* [Your assignment]
The copy has to match the data exactly and leave out every picture.

* [Dataset excerpt]
►
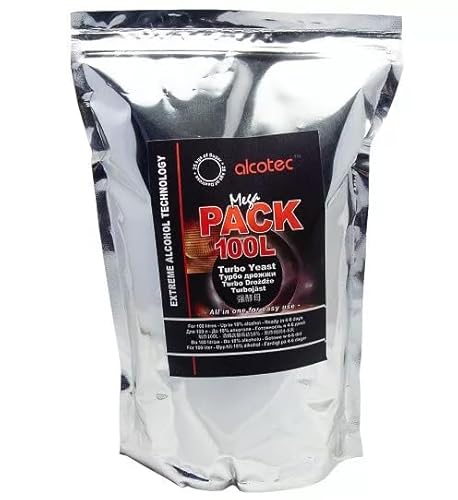 Hugbert Alcotec Turbohefe Mega Pack - Vodka Alkohol Gärhefe Hefe Schnaps Brennhefe - GIGA PACK 1800g - bis zu 500L Hugbert Alcotec Turbohefe Mega Pack - Vodka Alkohol Gärhefe Hefe Schnaps Brennhefe - GIGA PACK 1800g - bis zu 500L von Hugbert
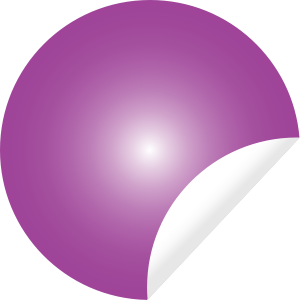 openclipart圖庫：Pink Peeling Sticker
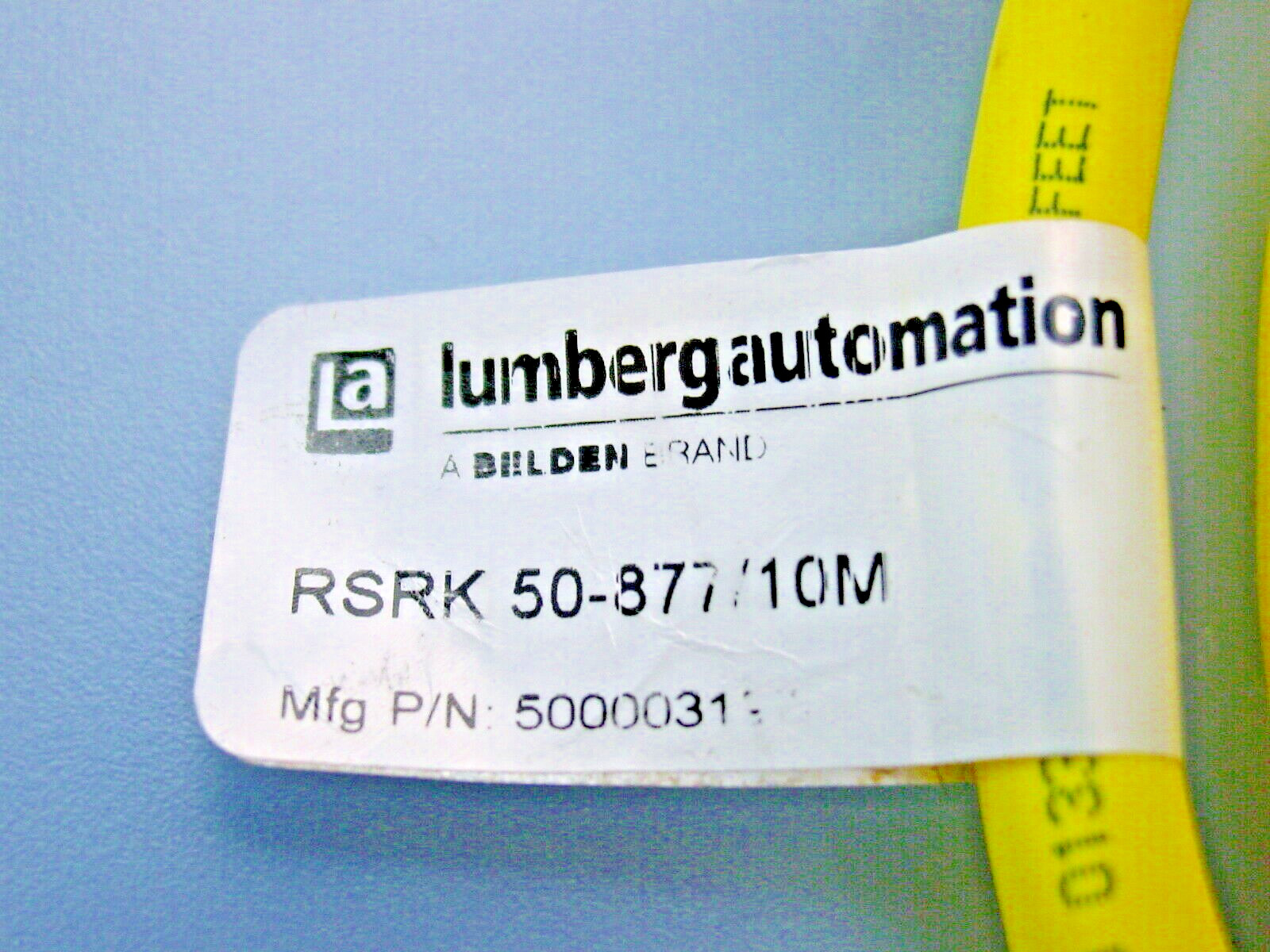 *Lumberg Automation RSRK 50-877/10M 10 Meters, 5 Pin Male to 5 Pin Female, Cable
◄
* [Solution to this exercise]
 Hugbert Alcotec Turbohefe Mega Pack - Vodka Alkohol Gärhefe Hefe Schnaps Brennhefe - GIGA PACK 1800g - bis zu 500L Hugbert Alcotec Turbohefe Mega Pack - Vodka Alkohol Gärhefe Hefe Schnaps Brennhefe - GIGA PACK 1800g - bis zu 500L von Hugbert
 openclipart圖庫：Pink Peeling Sticker
 *Lumberg Automation RSRK 50-877/10M 10 Meters, 5 Pin Male to 5 Pin Female, Cable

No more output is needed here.